• TASK INSTRUCTIONS
Write out the lines below exactly, beginning at the one with "Modernes Bad mit" and stopping after the one with "Building Photo - 3660.5 Merlin Dr"; the pictures are not copied.

»»

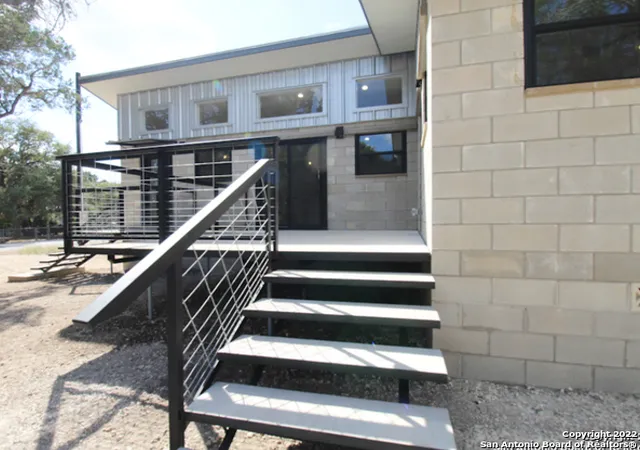 3rd image of 242 White Bass Dr, Lakehills, TX 78063 | MLS# 1999991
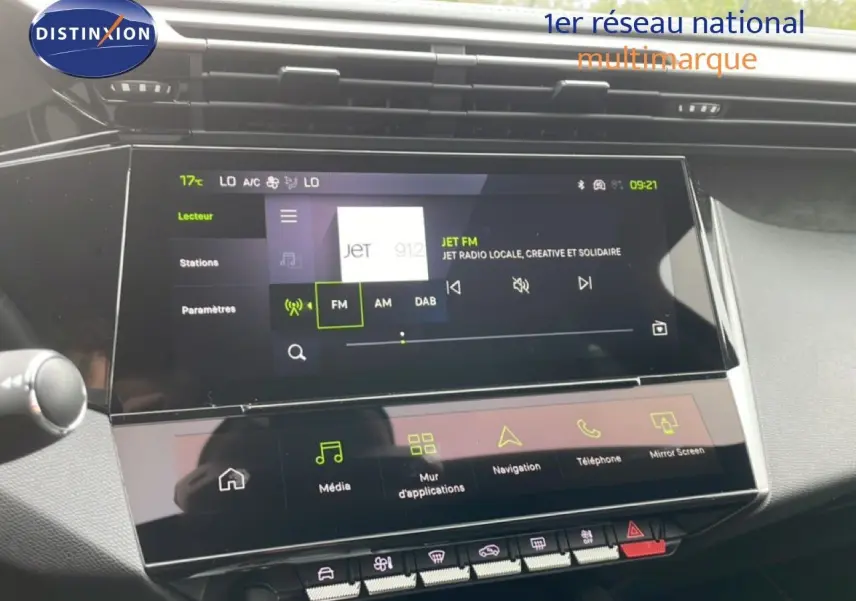 Écran tactile central du tableau de bord de la Peugeot 308 gris Selenium, affichant la radio FM JET FM.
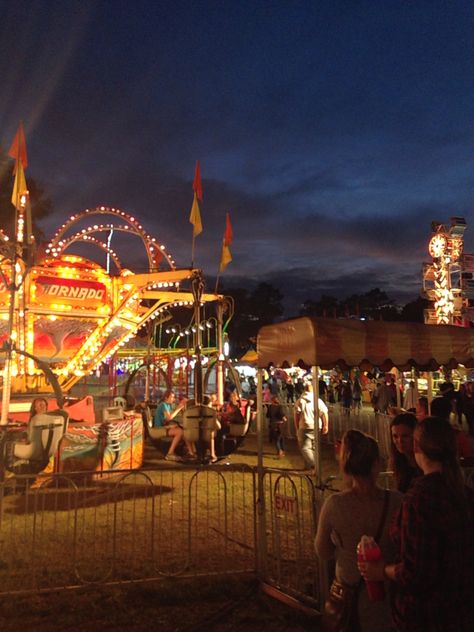 I always loved a carnival ✨ #fun #fair #fall Village Festival Aesthetic, Fair Aesthetic Fall, Vintage Fair Aesthetic, Town Fair Aesthetic, Fall Carnival Aesthetic, Small Town Fall Festival, Carnival Astethic, Halloween Carnival Aesthetic, Fair Astethic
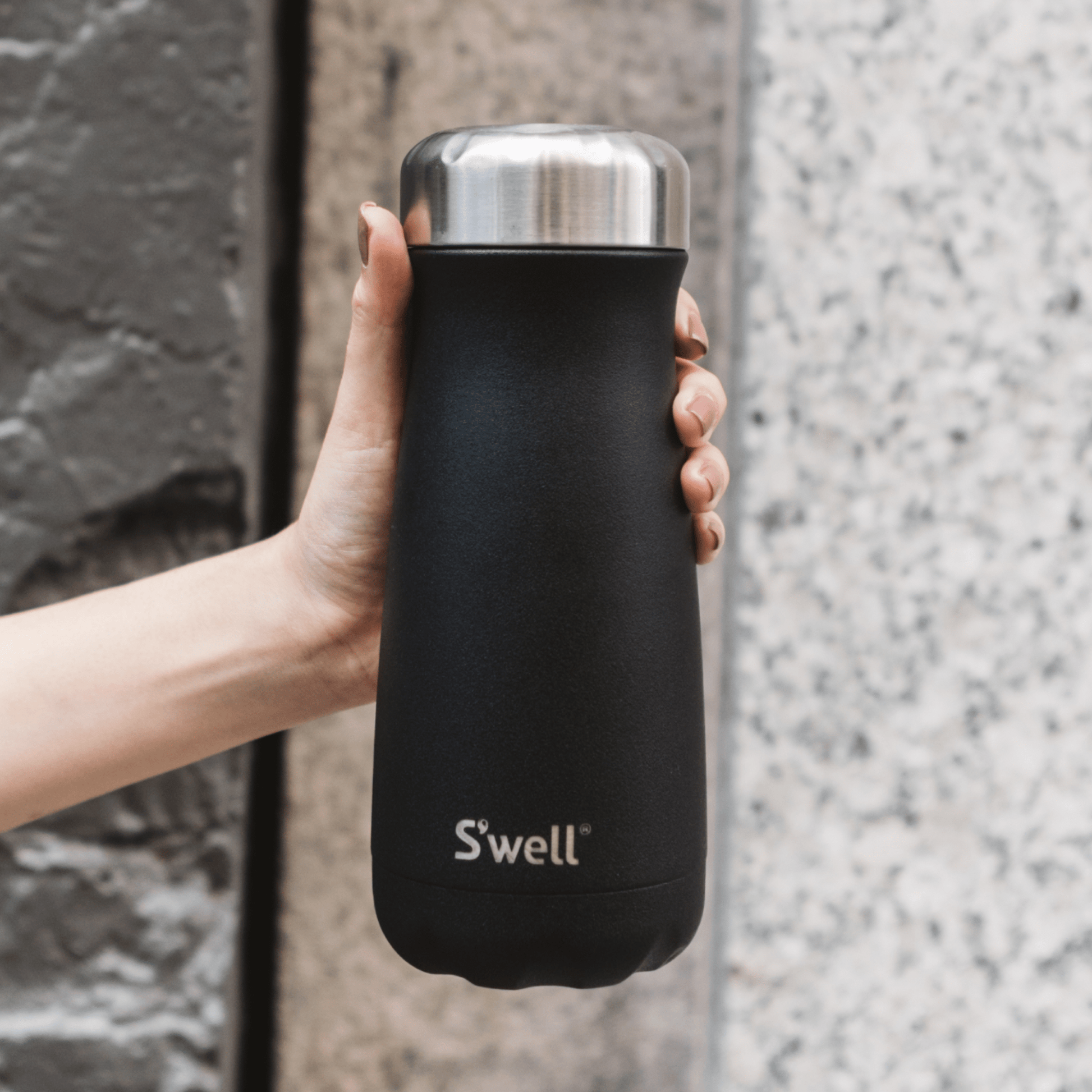 traveler-16oz-m4 Swell-Water-Bottle-Traveler-16oz-Black-Onyx-Lifestyle-1.png
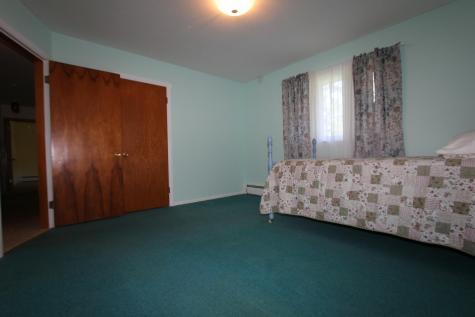 28 Sherbrooke Avenue Lewiston ME 04240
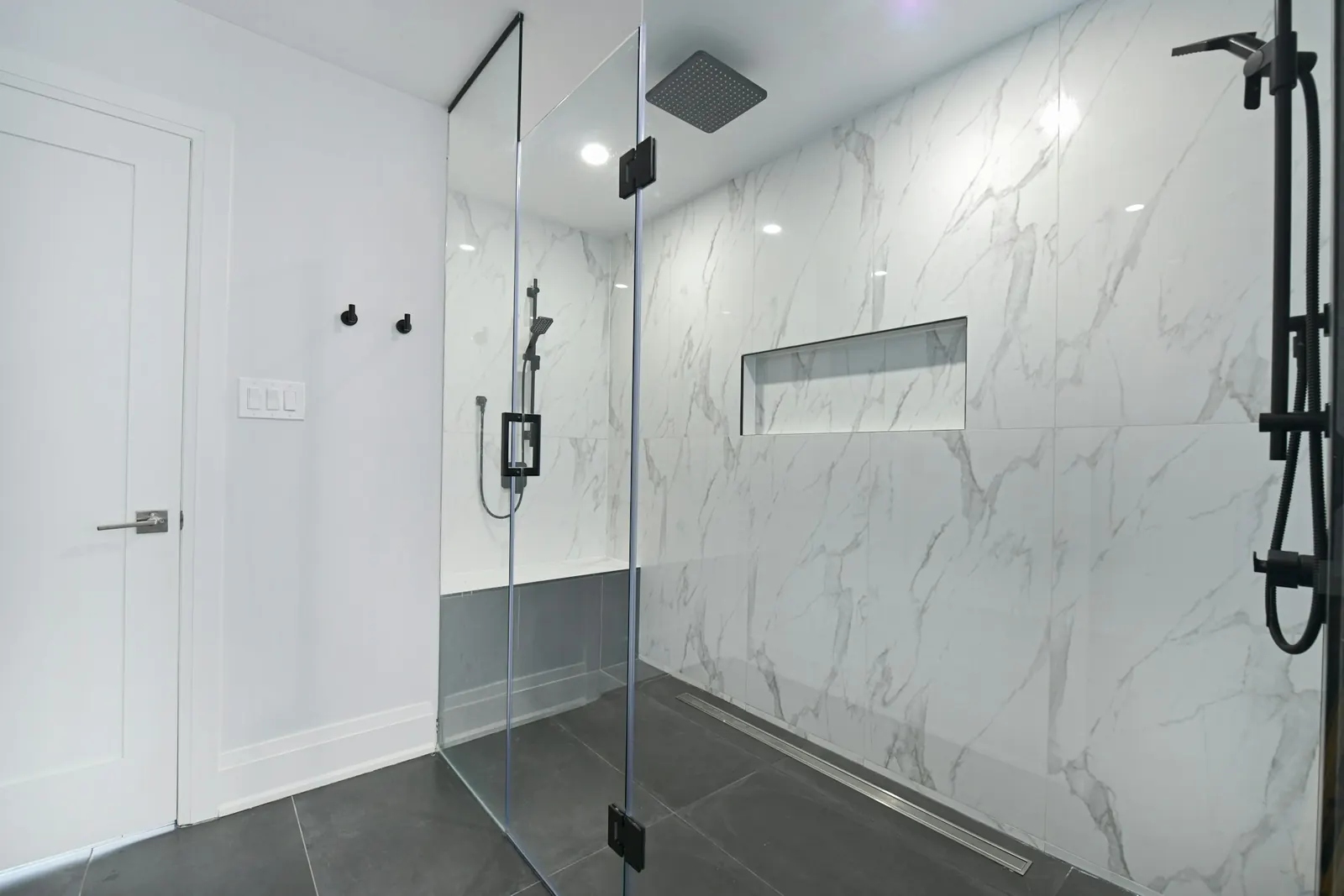 Modernes Bad mit bodengleicher Dusche und Glaswand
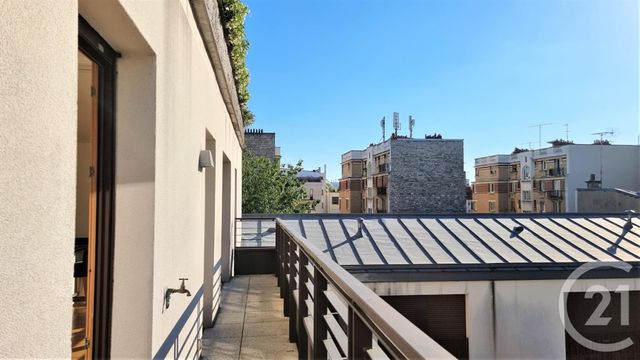 Afficher la photo en grand Appartement à vendre - 2 pièces - 45.5 m2 - PARIS - 75019 - ILE-DE-FRANCE - Century 21 Prestige Montmartre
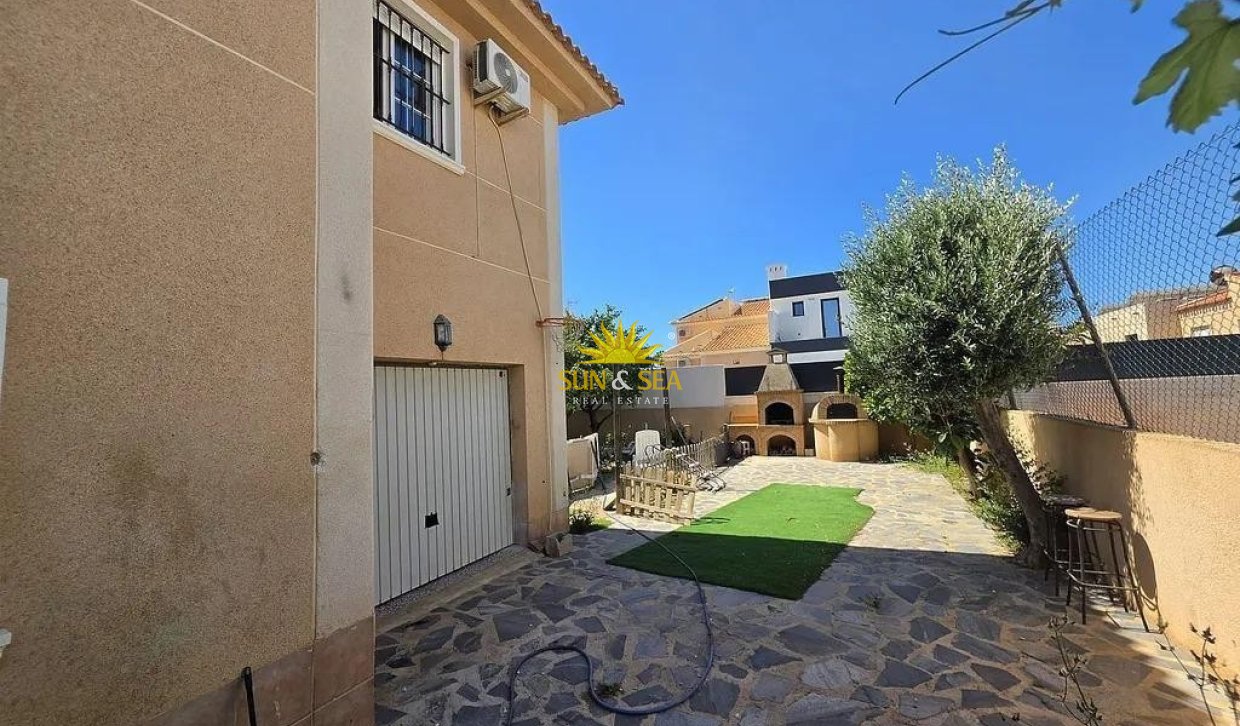 Revente - Villa - Torrevieja - torrevieja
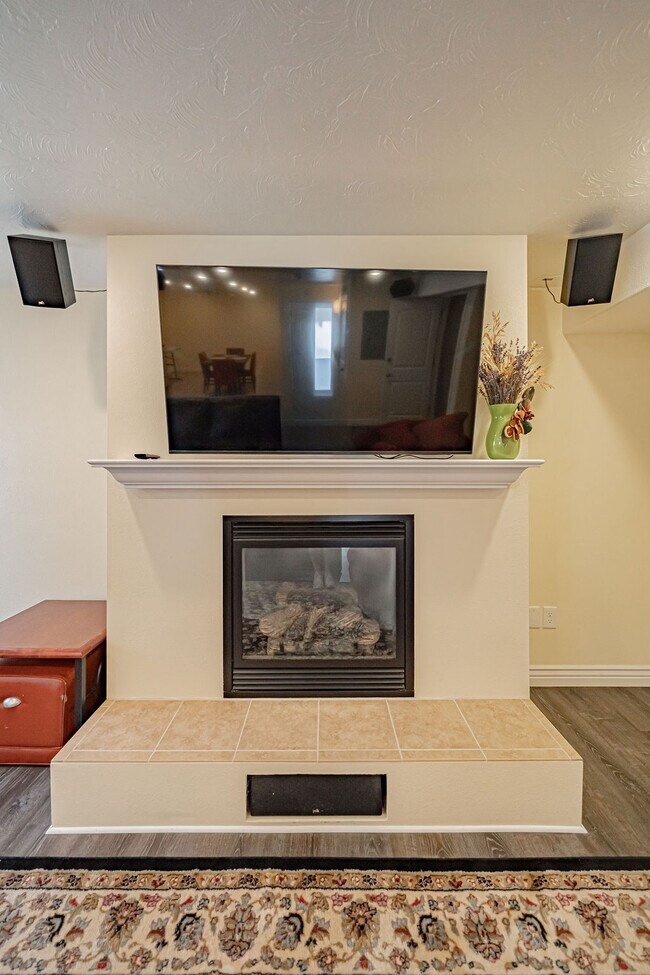 Building Photo - 3660.5 Merlin Dr
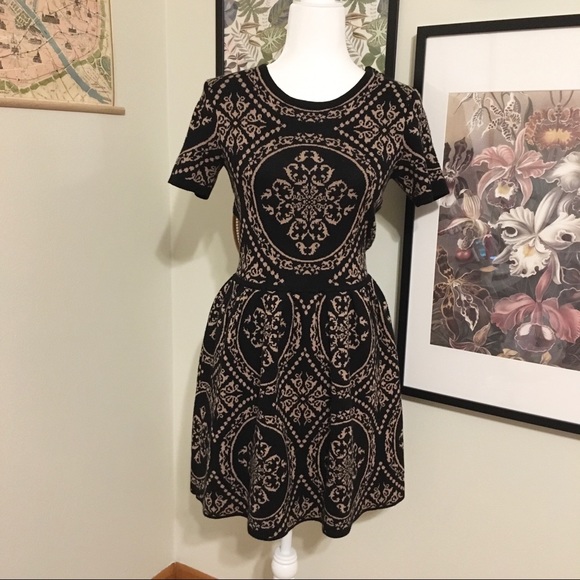 Romeo & Juliet Couture Dresses & Skirts - NY Sale 20% Off!Romeo+Juliet Couture Sweater Dress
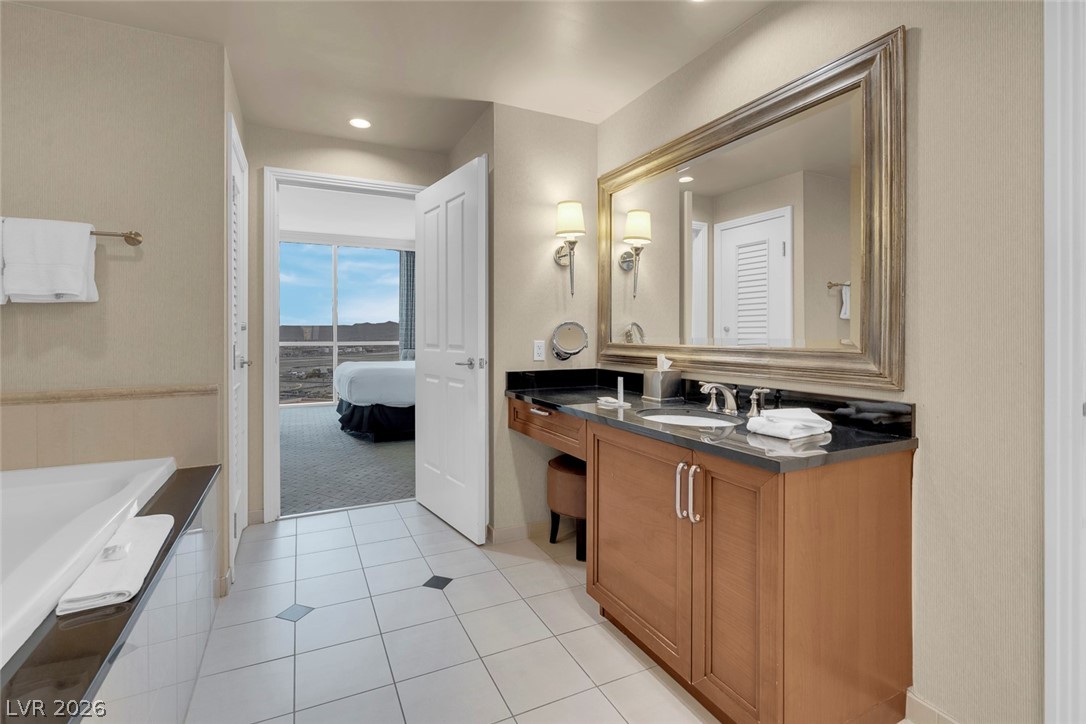 Photo 14 of 29, 145 Harmon Avenue #1908
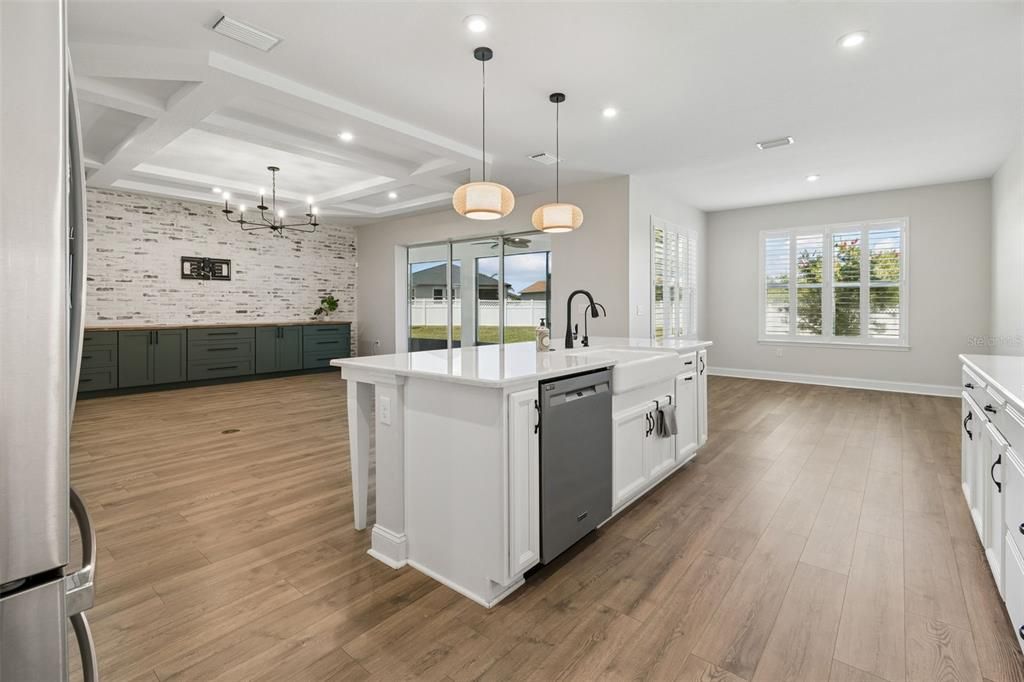 En Venta: $829,900 (5 camas, 4 baños, 3835 Pies cuadrados)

««

• COMPLETED EXERCISE
 Modernes Bad mit bodengleicher Dusche und Glaswand
 Afficher la photo en grand Appartement à vendre - 2 pièces - 45.5 m2 - PARIS - 75019 - ILE-DE-FRANCE - Century 21 Prestige Montmartre
 Revente - Villa - Torrevieja - torrevieja
 Building Photo - 3660.5 Merlin Dr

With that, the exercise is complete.